Using Alexa in the classroom
Think of all the things Alexa can do in your classroom!
- Control the lights and plugged-in appliances.
- Set timers and alarms.
- Set up reminders for classroom routines.
- Randomly set partners.
- Provide translations.
- Read stories.
- Play music.
- Play educational games like The Queen’s Mathematician.
- Check facts.
- Give the weather report, including the current temperature in Celsius or Fahrenheit.
- Check spellings.
- Define words.
- Answer questions.
- Drop in on other classrooms.
That’s just a start. Alexa is certainly useful in a classroom.
Amazon has paid millions on a settlement of a lawsuit over children’s privacy. The Children’s Online Privacy Protection Act of 1998 is the law Amazon violated by keeping recordings of children’s voices and using them to improve the product.
Children’s language and voices are different from those of adults and teens. In order to get better at understanding and communicating with kids, Alexa needs to practice with kids’ language. There’s nothing creepy about that.
But Amazon allegedly continued to use transcripts of children whose parents had asked for their data to be deleted. Amazon was also accused of allowing workers to see video collected by their Ring application. Amazon spokeswoman Parmita Choudhury said in a statement, “Our devices and services are built to protect customers’ privacy, and to provide customers with control over their experience. While we disagree with the FTC’s claims regarding both Alexa and Ring, and deny violating the law, these settlements put these matters behind us.”
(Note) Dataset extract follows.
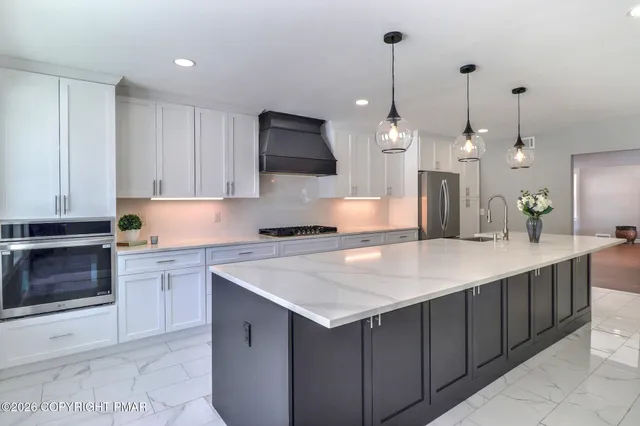 $489,800 | 230 Colbert Street, Stroudsburg, PA 18360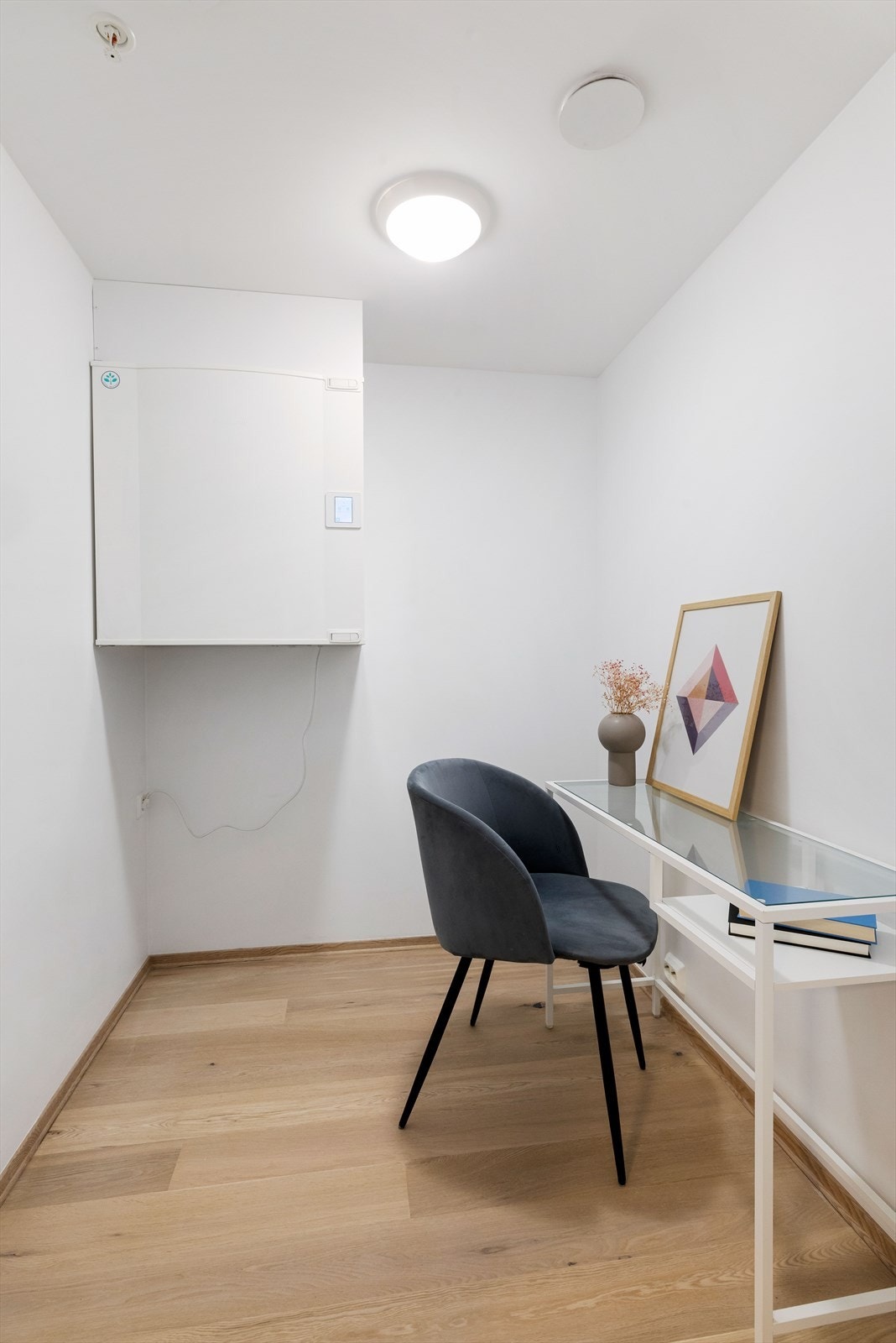 Praktisk innvendig bod. Det er også tilhørende bod en etasje ned, i byggets 2. etasje. Galleribilde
The FTC’s response was clear: “Claims from businesses that data must be indefinitely retained to improve algorithms do not override legal bans on indefinite retention of data.”
Another lawsuit charged that, while Alexa only listens and records conversations when activated by a “wake word” such as “Alexa,” “echo,” or “computer,” Alexa can easily misinterpret or mishear words. Most Alexa users have probably experienced this at home. In such cases, Alexa can record conversations.
And while Amazon says that Alexa’s recordings are primarily used to help the device respond appropriately to commands and requests, some recordings and transcripts ae used for training and development.
So on the one hand, Alexa is useful in the classroom but on the other hand, there is some concern that the device might violate kids’ privacy.
If you choose to use Alexa in the classroom, you can go to your Alexa privacy settings after class and delete all the recordings. This is a quick and easy task you can take up as a habit. Amazon does warn that doing this will interfere with Alexa’s machine learning and may “degrade your experience.” However, it will solve most privacy concerns.
You might also alert parents that you use Alexa in your classroom and ask for permission to do so.
Choose the kids’ version of Echo Dot and use the parental controls. You can de-activate voice purchases, filter music, and otherwise restrict content.